Según datos del período comprendido entre noviembre y enero, el Ejecutivo nacional transfirió a las provincias 533 mil millones de pesos menos en valores reales que en el mismo trimestre del año anterior. La merma se dio en medio de una baja sostenida de la recaudación que ya lleva seis meses y que puso en alerta a los gobernadores por el deterioro de sus cuentas fiscales.
Si bien las transferencias mostraron subas nominales de entre el 25 y el 33 por ciento, al ajustar los números por inflación el resultado fue negativo en casi todos los casos. En total, 23 de las 24 provincias perdieron poder adquisitivo real respecto del período anterior.

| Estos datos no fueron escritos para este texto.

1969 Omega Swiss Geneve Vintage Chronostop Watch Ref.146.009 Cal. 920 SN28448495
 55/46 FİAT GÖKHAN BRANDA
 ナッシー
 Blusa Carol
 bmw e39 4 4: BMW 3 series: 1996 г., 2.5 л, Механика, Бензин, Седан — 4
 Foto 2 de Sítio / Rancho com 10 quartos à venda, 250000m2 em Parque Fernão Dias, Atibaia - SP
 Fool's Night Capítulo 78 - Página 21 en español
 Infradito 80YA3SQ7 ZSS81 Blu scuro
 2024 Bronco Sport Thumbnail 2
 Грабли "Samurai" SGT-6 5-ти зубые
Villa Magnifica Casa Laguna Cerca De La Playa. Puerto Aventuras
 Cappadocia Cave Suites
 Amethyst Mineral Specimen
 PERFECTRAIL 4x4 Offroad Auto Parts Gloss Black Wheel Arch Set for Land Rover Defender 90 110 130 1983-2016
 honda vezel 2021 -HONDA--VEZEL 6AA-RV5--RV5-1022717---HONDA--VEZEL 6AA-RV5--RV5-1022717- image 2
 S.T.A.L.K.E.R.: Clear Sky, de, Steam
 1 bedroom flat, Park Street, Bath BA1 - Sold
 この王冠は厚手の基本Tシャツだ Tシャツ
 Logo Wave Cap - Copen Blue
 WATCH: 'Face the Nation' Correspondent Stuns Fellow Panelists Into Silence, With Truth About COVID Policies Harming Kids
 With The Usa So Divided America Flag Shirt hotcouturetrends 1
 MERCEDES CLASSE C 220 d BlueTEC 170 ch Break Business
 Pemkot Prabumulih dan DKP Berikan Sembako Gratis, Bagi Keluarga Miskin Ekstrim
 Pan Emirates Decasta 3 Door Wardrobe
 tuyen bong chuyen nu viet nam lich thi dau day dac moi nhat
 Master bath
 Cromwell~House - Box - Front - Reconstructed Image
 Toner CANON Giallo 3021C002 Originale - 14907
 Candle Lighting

Las más afectadas fueron Córdoba y Santa Fe, que en conjunto resignaron más de 130 mil millones de pesos, cerca de una quinta parte del total que el Gobierno nacional dejó de girar en concepto de coparticipación. La Ciudad de Buenos Aires también figuró entre las jurisdicciones con mayor pérdida, con una caída real del 4,6 por ciento, equivalente a 17,7 mil millones de pesos.
En contraste, Salta fue la única provincia que logró una mejora real en sus ingresos coparticipables, con un incremento de 4,4 mil millones de pesos ajustados por inflación respecto del cierre del primer año del gobierno de Javier Milei. Neuquén, impulsada por la actividad en Vaca Muerta, fue una de las menos perjudicadas, con una baja de apenas el 0,7 por ciento.
En ese escenario, Misiones quedó en una posición intermedia. Al igual que Mendoza, ambas gobernadas por aliados del oficialismo nacional, registraron pérdidas reales, pero de menor magnitud en comparación con las provincias más golpeadas. La provincia no logró escapar al ajuste general, aunque el impacto fue más acotado que en los distritos que encabezaron el ranking de recortes.
Un dato que llamó la atención fue el desempeño de la provincia de Buenos Aires, gobernada por Axel Kicillof, que no figuró entre las más perjudicadas y registró una caída real del 2,4 por ciento, por debajo de la media nacional.
El recorte de coparticipación profundiza las tensiones entre la Nación y las provincias, que enfrentan mayores dificultades para sostener gastos corrientes, salarios y servicios básicos en un contexto de alta inflación y caída de la actividad económica.